Assim, em Cuarón o plano-sequência não é mais o lugar meditativo da epifania, mas da coreografia e da excitação. Já era assim na estética montanha-russa de Gravidade (2013), filme que chegou a ser celebrado por meia-dúzia de críticos ansiosos em saudar, num gesto iconoclasta hedonista e moribundo, o “fim da profundidade”. Mas quando a abstração do espaço dá lugar a um tema social, como em Roma, fica evidente a verdadeira estatura de Cuarón como cineasta. Sua “saída pelo espetáculo”, repleta de malabarismos visuais, cria excitação e nos entretém durante a projeção. Mas, uma vez que essa espetacularização pauta indistintamente a concepção de toda e cada cena, ela termina por se revelar em alguns momentos francamente ridícula (a cena do treino dos samurais) ou mesmo dramaticamente equivocada (a banda passando ao lado da mãe chorosa com a partida do pai). Nos melhores casos, a insistência no plano-sequência cria aflição e agonia, como na cena do bebê natimorto ou na supracitada sequência da praia. O fato é que, no cinema contemporâneo de festivais internacionais, o plano-sequência parece ter se tornado o lugar por excelência da agonia. O que nos faz perceber que o que separa Cuarón de um Gaspar Noé ou de um Cristian Mungiu é, no fundo, apenas um certo bom gosto.

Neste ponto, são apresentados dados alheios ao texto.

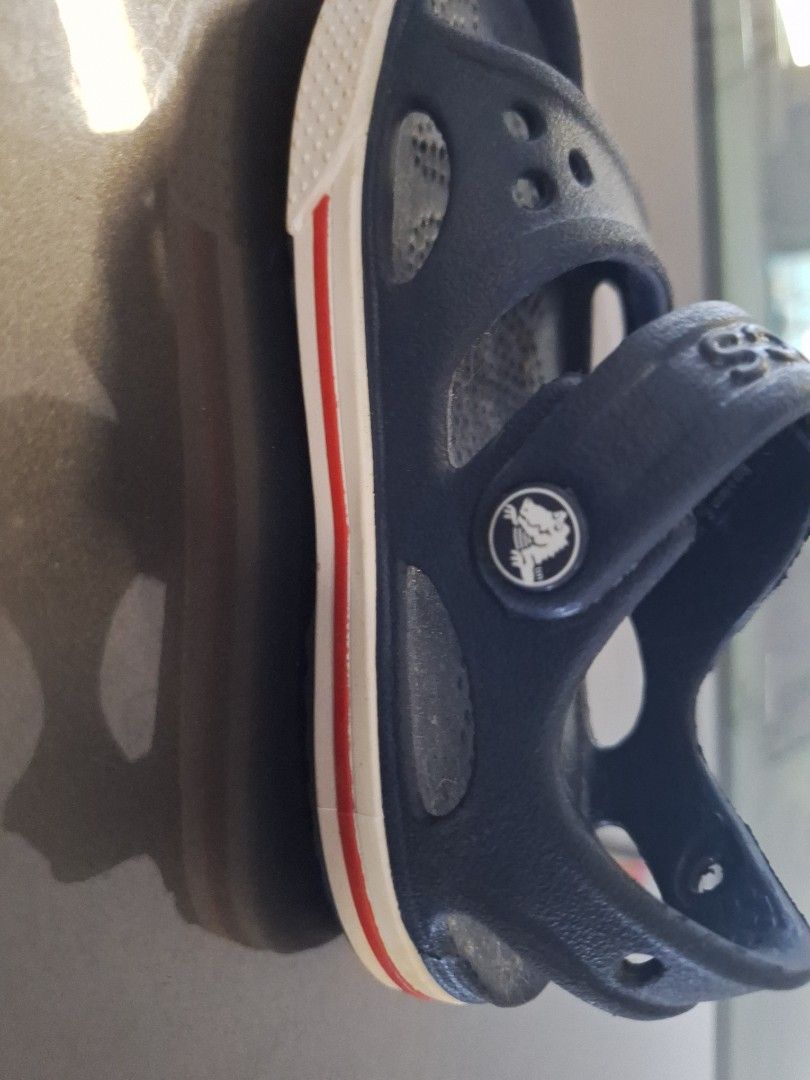Boys crocs size 3 top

À parte os momentos de agonia, Roma observa tudo com um distanciamento blasé, como peças decorativas de um cenário de luxo. Não resta a menor dúvida de que, se o ponto de vista do filme se ancora em alguma coisa, esse algo é, não um personagem em particular, mas a própria casa, assumindo o ponto de vista burguês em sua forma mais reificada. Nesse processo de reificação pela visualidade, a câmera parece sempre apaixonada por si mesma, por sua habilidade em criar truques visuais. É um espetáculo que se pretende total, mas que permanece limitado ao campo do visível, a um acesso demasiado exterior da realidade. A espetacularização tentará forçar esse visível a seus limites. Mas, uma vez que não conseguem sugerir nenhuma complexidade interior nem aprofundar-se em nada, as imagens de Roma se limitam a nos excitar e nos encantar. Elas são apenas imagens, que desvanecem tão logo a projeção é terminada.